Wednesday, March 26, 2008

Can the Dems fumble the ball?

I have removed the brilliant Ford advertising ploy, because I object to soft porn, especially nauseating soft porn. I posted it on an LSD trip and am in no way accountable for it.

Life has resumed it's normal course, and has reverted to its previous vapid milquetoast zeitgeist. I would sigh, but I don't have the heart.

The purpose of this post, however, is not to throw coals on the fire of my despair--to use a little Emo talk--much as I want to. I have a job to do: I need to inform you, my bucolic audience, of what is going on in the world beyond our humble shire. And if I don't, who will? I'm going to feed you politics whether you want it or not. Why? Because, frankly, I'm sick of people moaning and groaning whenever I bring the subject up. Groaning won't magic it away, you know! Blogging about politics is a dirty job, but again, someone has to do it. So, suck it in and do your part. Or I'll turn drill-sergeant on you, you meatheads.

The big issue in the political world is: can the Democratic party, so lauded after the midterm elections, fumble the electoral ball? At first it would seem incredible. Bush's war in Iraq is still going on, and the results thus far have been a decided mixed bag. Destabilizing Saddam Hussein was a good thing, but we've bungled in several ways since then. However, we can't leave. Why? Because it would be rubbing salt in the wounds of the Iraqi people. WE broke the country. WE need to fix it, which I'm sure is what John McCain meant when he said he could see us still in Iraq one hundred years from now. I hope he's exaggerating, but frankly if we've learned one thing from Korea and Vietnam, it's this: don't leave the job undone! We leave Iraq now, bang, instant civil war. The region is thrown into chaos. The oil-dependent world is thrown into chaos.

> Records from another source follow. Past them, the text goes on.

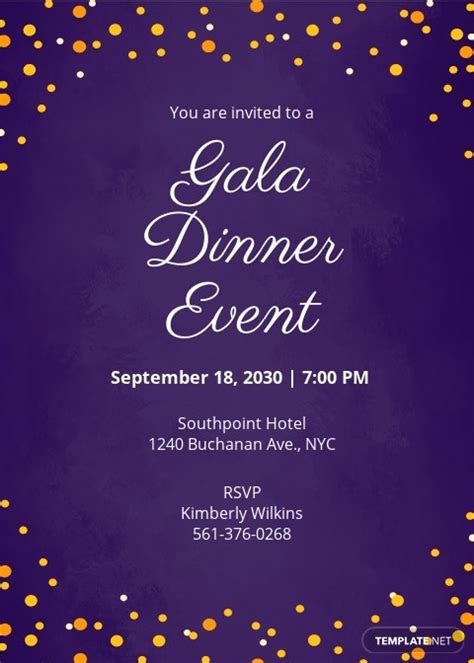 gala dinner night invitation template   word  psd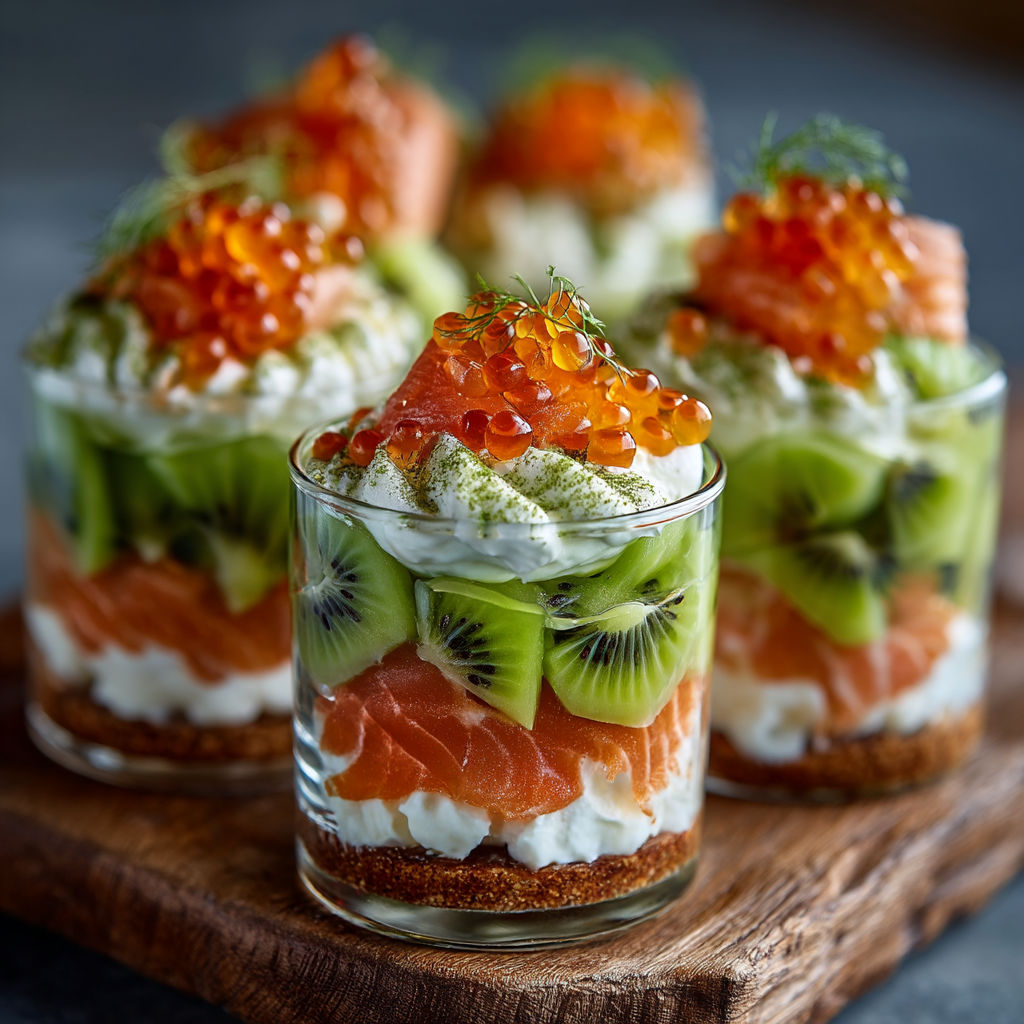 Desserts with kiwi, salmon and cream.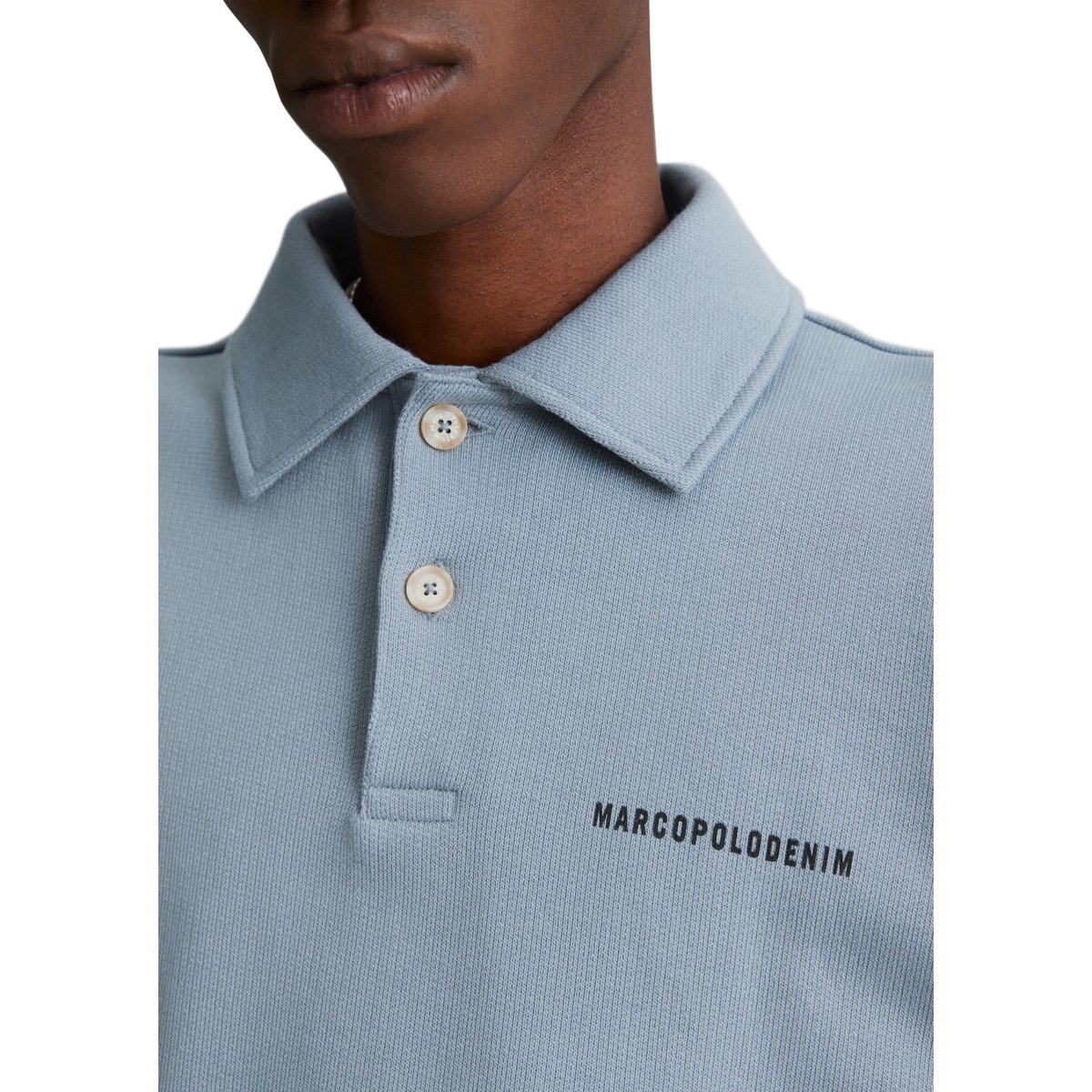 Sweat-shirt polo coupe décontractée en pur coton biologique gris, MARC O’POLO DENIM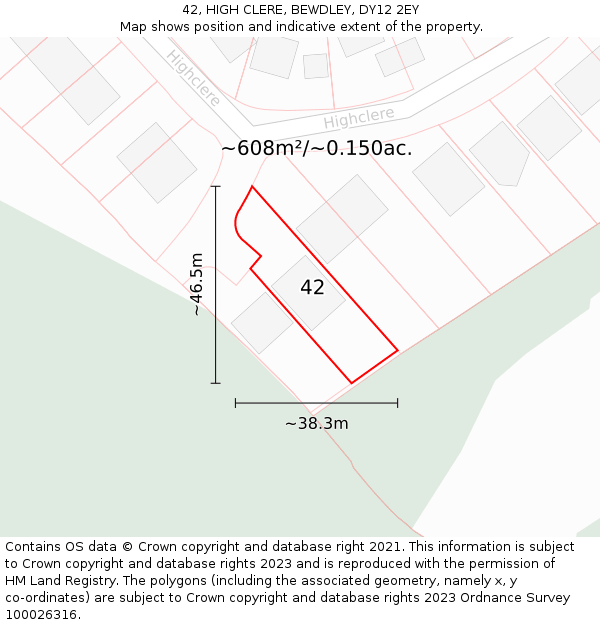 42, HIGH CLERE, BEWDLEY, DY12 2EY: Plot and title map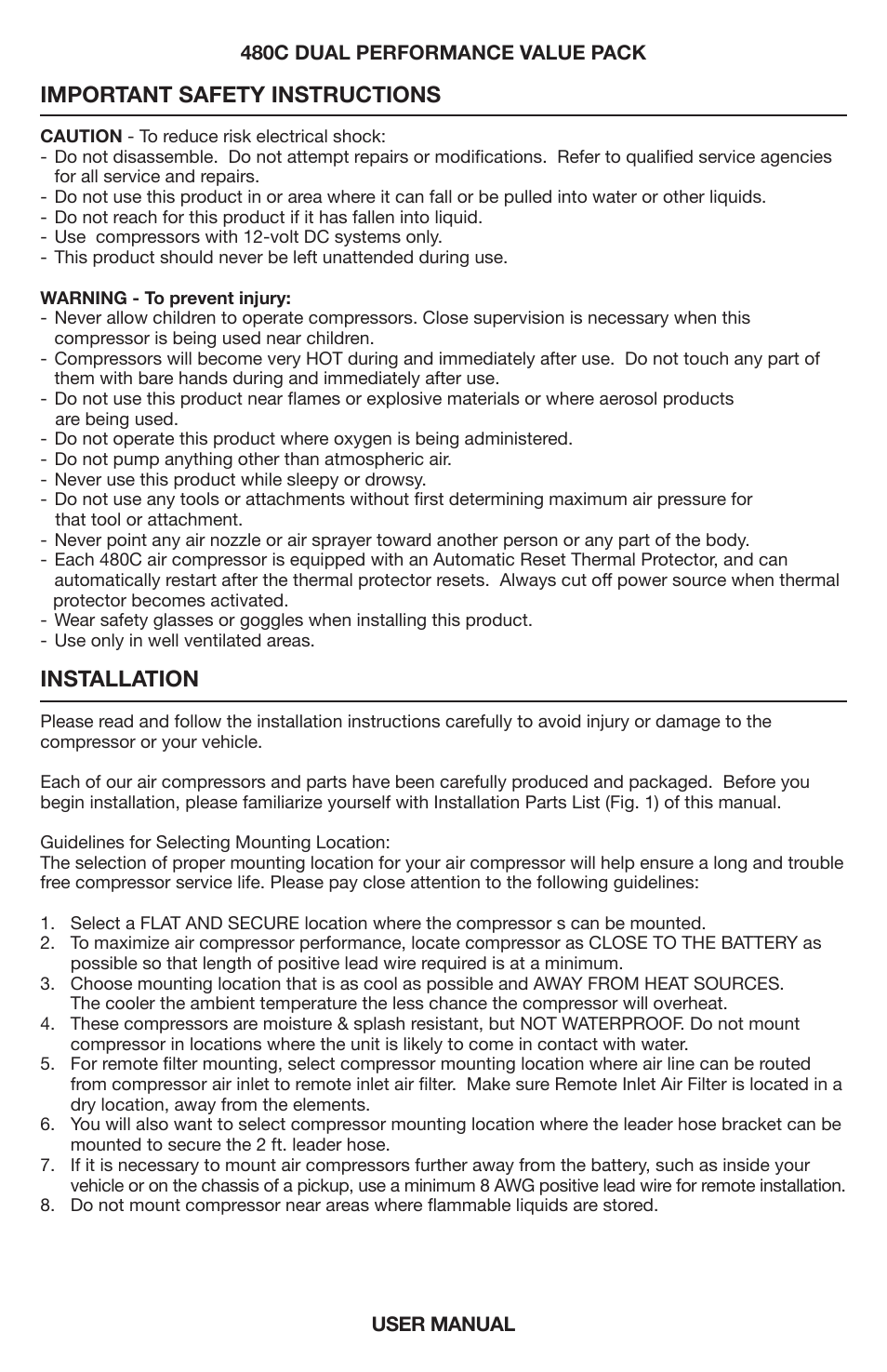 Important safety instructions, Installation | VIAIR 480C Dual User Manual | Page 2 / 8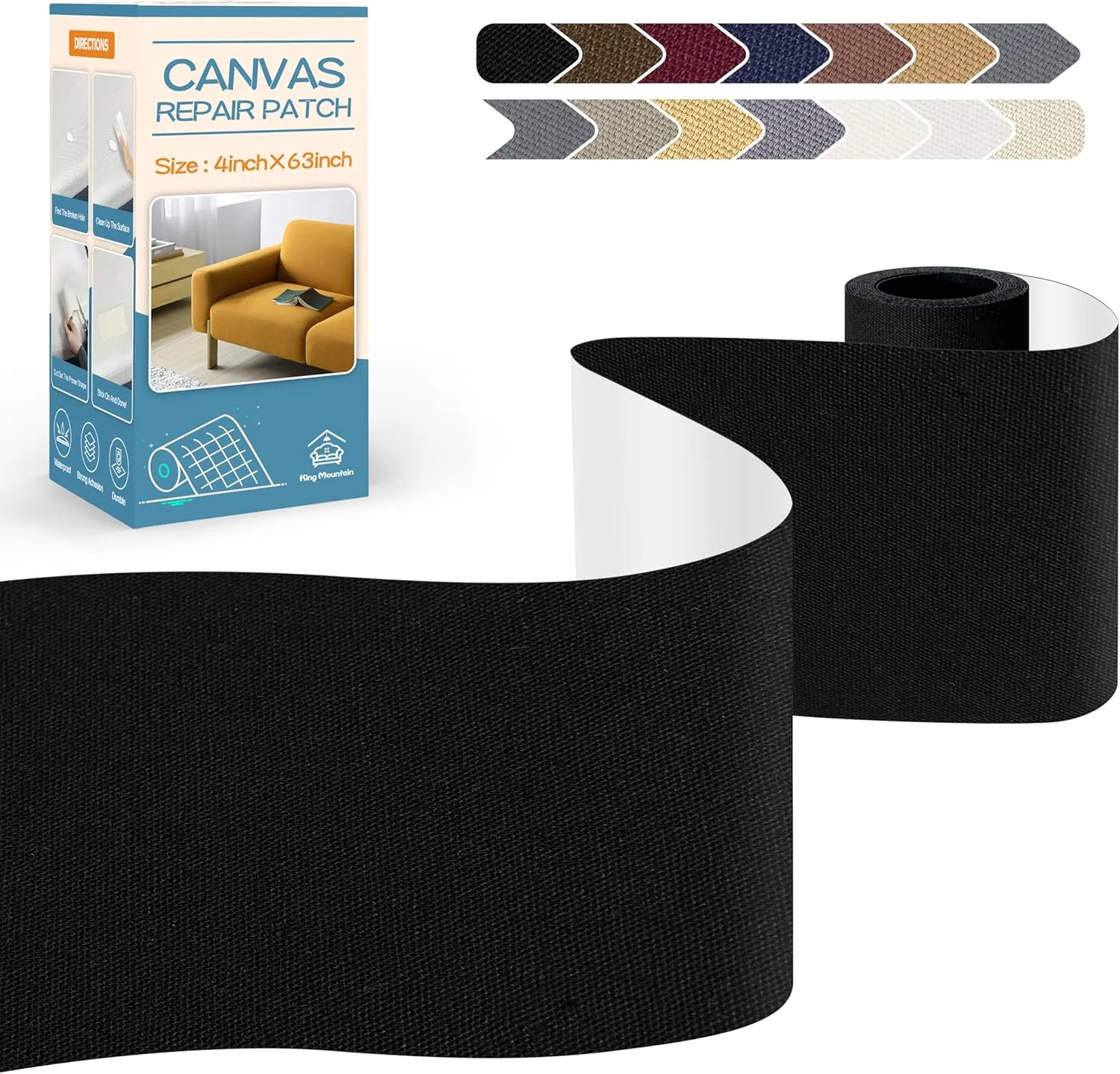 KING MOUNTAIN Canvas Repair Tape,Outdoor Gear Patch, 463 Inches,Waterproof,Self-Adhesive for Repairing Boat Covers,Sun Shades,Sofas,Tents,Lounge Chairs,Awnings (Black)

This is the atmosphere the Dems exploited in the 2006 midterm elections, where they gained seats in the House and Senate. Since then, they've been predictably innefective, failing to do anything much even by the incredibly low standards of the brainwashed, homogenized type of diversity-championing bourgeois bimbos the Democratic party continues to insist on electing.

Remember Jimmy Carter? Well, he's reincarnated in B. Hussein Obama. Frankly, I'm a sucker for a good 'ole inspirational message, and he pelts 'em out like Joel Osteen. I'm not surprised he's doing as well as he is. Of course, he has no substance and could not, in all likelihood, make it to a second term. Just like Carter, his presumptive idol who just won't die.

Clinton, on the other hand, is on some level competent and sensible, with a keen sense of irony and a relentless thirst for power that makes her an ample foil for Obama's numb, vague, photogenic rants against injustice and lack of hope. Unfortunately, she is fit and qualified to be president. Sure, she was only First Lady, but she has the know-how and she's still served in the Senate for four years longer than Obama.

Ann Coulter has said she'll campaign for Hillary if (he did) McCain got the nom. We're still waiting for that, but it shows the dissatisfaction with McCain in the GOP ranks. Frankly, he was my second-to-last choice at the beginning of the race, and became my last choice after Giuliani dropped out. The man is a wretched old coot with questionable morals who is willing to swear at a fellow senator on the floor of the Senate who disagreed with him. But the question is: can he upset the Dems?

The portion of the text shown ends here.